Data entries:
#####

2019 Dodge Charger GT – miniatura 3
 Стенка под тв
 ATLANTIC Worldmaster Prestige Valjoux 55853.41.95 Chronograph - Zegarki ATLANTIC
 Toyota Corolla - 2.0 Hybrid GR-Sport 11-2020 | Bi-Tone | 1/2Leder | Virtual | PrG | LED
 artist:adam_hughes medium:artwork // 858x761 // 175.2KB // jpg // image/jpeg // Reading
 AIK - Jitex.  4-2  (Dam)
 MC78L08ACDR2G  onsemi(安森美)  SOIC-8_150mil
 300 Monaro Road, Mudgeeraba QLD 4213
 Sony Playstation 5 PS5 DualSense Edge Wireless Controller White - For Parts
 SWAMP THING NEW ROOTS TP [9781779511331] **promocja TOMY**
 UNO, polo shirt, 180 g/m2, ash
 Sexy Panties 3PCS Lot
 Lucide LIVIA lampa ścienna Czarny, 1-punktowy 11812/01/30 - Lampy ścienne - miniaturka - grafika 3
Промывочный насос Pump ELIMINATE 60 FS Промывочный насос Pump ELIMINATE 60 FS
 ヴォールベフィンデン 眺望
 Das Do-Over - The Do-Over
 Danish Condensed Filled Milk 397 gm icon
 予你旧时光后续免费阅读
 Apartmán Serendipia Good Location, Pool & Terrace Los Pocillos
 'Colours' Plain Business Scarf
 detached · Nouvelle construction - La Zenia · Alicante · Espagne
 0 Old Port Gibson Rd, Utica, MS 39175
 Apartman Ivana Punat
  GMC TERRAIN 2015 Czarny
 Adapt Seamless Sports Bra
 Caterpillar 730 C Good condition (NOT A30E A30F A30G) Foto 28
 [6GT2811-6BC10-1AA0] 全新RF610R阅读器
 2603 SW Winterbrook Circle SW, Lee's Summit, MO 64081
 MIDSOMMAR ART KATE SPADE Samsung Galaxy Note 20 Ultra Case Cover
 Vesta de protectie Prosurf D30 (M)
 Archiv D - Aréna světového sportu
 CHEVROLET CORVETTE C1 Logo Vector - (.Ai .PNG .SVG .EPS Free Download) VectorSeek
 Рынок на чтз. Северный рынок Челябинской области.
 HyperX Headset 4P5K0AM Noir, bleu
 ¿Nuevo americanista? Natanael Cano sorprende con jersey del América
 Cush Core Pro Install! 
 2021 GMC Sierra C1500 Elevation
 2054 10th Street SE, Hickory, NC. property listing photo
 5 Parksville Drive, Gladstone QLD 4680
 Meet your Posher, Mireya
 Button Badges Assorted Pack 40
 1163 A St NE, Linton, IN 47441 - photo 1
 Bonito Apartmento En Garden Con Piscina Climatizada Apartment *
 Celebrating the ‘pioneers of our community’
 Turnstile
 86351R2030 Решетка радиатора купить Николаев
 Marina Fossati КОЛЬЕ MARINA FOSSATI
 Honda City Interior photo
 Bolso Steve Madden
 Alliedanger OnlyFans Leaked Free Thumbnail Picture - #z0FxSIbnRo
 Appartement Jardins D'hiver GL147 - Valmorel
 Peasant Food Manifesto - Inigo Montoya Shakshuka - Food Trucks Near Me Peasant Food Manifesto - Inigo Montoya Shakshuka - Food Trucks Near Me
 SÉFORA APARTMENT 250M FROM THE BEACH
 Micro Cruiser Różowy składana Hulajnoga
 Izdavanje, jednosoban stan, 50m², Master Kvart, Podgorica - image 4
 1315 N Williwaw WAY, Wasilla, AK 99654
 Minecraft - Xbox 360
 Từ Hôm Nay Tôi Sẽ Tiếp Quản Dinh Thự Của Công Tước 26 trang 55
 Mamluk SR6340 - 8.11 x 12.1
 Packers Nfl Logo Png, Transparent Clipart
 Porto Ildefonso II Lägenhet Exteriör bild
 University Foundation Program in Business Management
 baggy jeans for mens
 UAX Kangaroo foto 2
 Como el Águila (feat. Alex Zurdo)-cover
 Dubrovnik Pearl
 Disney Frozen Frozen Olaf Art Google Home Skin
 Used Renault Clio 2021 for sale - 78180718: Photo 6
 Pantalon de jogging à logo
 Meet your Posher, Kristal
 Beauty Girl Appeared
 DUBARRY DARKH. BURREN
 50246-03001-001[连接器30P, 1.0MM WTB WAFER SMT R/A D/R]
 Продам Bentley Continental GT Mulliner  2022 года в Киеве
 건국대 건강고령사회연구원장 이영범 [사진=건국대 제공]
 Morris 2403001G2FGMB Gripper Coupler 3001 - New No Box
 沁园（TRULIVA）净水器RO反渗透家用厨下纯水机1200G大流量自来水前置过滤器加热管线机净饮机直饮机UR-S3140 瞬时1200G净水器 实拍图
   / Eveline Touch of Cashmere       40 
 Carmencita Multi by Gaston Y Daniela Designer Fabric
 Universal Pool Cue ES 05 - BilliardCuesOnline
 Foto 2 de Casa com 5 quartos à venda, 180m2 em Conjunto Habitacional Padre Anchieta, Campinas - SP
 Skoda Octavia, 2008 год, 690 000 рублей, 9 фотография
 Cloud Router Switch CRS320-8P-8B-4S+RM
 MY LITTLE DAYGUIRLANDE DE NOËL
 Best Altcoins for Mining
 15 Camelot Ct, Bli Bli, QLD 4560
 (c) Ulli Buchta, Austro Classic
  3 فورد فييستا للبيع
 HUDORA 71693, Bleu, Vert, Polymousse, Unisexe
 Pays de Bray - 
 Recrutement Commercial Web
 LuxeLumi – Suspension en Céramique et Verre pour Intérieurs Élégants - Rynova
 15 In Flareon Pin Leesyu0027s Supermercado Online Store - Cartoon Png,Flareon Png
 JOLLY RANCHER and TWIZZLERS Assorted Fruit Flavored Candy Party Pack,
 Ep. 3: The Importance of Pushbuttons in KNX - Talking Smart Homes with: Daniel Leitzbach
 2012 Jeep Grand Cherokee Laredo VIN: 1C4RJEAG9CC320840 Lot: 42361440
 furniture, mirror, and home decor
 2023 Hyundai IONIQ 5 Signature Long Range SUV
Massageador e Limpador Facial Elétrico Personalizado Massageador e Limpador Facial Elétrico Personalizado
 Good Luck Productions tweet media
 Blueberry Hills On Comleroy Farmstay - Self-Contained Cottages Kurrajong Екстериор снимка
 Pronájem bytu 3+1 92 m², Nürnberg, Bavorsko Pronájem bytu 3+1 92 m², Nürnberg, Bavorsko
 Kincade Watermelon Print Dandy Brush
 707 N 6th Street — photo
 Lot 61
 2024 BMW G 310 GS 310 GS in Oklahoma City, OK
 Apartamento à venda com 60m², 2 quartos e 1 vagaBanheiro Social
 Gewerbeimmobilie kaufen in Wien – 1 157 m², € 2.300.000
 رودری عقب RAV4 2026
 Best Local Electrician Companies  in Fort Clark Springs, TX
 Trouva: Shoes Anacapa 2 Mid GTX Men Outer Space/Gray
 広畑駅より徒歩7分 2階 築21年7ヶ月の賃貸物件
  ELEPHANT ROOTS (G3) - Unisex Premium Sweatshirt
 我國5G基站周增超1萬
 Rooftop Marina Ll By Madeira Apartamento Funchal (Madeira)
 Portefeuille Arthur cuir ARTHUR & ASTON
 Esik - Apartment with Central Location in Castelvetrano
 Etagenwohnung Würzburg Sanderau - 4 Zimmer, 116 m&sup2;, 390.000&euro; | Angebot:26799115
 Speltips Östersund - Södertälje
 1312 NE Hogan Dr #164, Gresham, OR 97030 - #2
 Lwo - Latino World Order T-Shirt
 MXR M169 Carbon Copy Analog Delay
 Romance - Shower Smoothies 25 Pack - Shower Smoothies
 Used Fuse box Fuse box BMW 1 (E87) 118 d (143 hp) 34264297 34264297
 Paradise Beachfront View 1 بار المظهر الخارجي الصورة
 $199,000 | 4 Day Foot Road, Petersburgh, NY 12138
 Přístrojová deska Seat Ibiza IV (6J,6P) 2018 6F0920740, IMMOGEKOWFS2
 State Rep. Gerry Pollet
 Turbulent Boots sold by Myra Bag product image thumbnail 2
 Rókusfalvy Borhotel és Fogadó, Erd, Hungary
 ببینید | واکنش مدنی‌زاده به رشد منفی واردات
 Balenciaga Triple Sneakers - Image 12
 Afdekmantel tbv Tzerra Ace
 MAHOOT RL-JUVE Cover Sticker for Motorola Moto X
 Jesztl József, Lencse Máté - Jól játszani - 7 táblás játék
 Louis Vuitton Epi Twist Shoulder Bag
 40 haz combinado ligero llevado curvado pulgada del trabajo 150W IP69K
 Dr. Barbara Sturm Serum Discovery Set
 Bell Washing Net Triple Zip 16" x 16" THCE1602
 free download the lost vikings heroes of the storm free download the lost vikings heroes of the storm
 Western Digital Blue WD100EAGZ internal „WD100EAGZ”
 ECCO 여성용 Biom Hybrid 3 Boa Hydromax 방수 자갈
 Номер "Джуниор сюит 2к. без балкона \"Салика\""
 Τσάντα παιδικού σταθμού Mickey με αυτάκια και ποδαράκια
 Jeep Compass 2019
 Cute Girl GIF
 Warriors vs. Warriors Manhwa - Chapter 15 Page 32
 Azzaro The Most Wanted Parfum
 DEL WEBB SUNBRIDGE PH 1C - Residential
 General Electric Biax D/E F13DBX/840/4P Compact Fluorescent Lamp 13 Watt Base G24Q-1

#####

Your answer should consist of the lines above that hold the word "Good".

● Solution for this exercise
 Apartmán Serendipia Good Location, Pool & Terrace Los Pocillos
 Caterpillar 730 C Good condition (NOT A30E A30F A30G) Foto 28
 Good Luck Productions tweet media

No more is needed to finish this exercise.